Task data:
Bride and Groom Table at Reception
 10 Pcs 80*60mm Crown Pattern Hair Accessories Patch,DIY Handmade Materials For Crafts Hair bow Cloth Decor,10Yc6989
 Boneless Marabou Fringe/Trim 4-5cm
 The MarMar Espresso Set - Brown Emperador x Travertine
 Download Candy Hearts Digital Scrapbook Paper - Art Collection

Directions for this task: Each entry above needs to be retyped exactly.

Response area:
Bride and Groom Table at Reception
 10 Pcs 80*60mm Crown Pattern Hair Accessories Patch,DIY Handmade Materials For Crafts Hair bow Cloth Decor,10Yc6989
 Boneless Marabou Fringe/Trim 4-5cm
 The MarMar Espresso Set - Brown Emperador x Travertine
 Download Candy Hearts Digital Scrapbook Paper - Art Collection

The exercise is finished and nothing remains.